Here are some things I have learned from having just completed a datawarehouse reporting application for a client company:
- When dealing with any sort of impute logic (figuring out who a customer's primary salesperson was, given that they had orders tied to several different salespeople), store the “tier” (i.e., tier 1 is highest $$ sales, tier 2 is most orders, etc.) that the record had information imputed on. This makes debugging by developers and third-party testers so much easier.
- Use set-based updates as much as possible. A row-by-row algorithm executes, at best, at O(n). Set-based algorithms execute more like O(log(n)). Once you reach more than 50 rows or so, depending on how busy the server is, the difference is noticeable.
- Do not use dynamic sql unless you have to. Development and debugging time are all reduced when not having to deal with dynamic sql.
- Automate the deployment. It took too long once we were on site to actually deploy the application. Deployment should be scripted and then tested before going to the client.
- Keep the application prefix to 3-4 characters. We used a 12-character prefix with an underscore, which was way too long. A better system code would have been 3 or 4 characters with no underscore.
- Keep all formatting functionality in user-defined functions (UDFs). UDFs are one of the best features in SQL Server 2000, and keeping all formatting functionality there improves reuse, reduces formatting errors, and improves system flexibility.
- Do not repeat logic in more than one proc. We did a very good job of this, but toward the end, certain changes needed to be reflected in 2 or 3 stored procs, or in several places in the same stored proc (part of this was a byproduct of using dynamic SQL). All of this should have been abstracted out. Other times, due to good encapsulation, changes that seemed like they would take a long time were very quick and easy to fix, with minimal chance of errors.

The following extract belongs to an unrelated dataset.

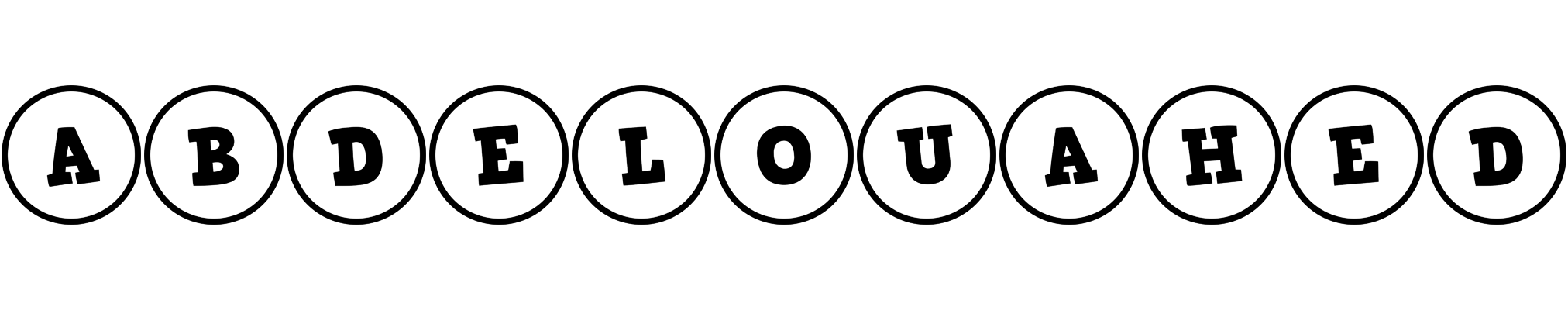 Abdelouahed handy logo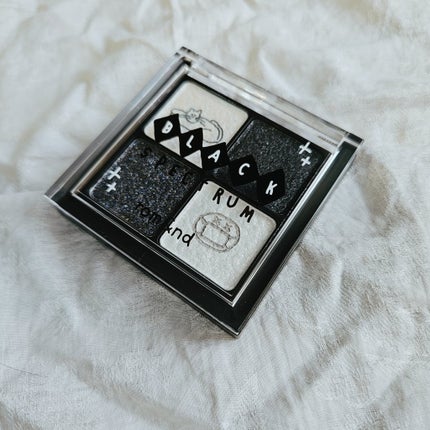 ブラックスペクトラムエディション(rom&nd×INAPSQUARE)/rom&nd/メイクアップキットを使ったクチコミ(7枚目)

- Organize the data at the lowest possible level of aggregation. For example, if you are doing summary reports for shipments, but you need a list of individual shipments for part of the report, go ahead and generate the list of shipments as part of the initial extract-transform-load (ETL). You can then do calculations, aggregations, and summations more quickly and easily on this set of data, and when it comes time to print out the inevitable list, you can just select a range of rows. With proper indexing, this is faaaast compared to almost any other method.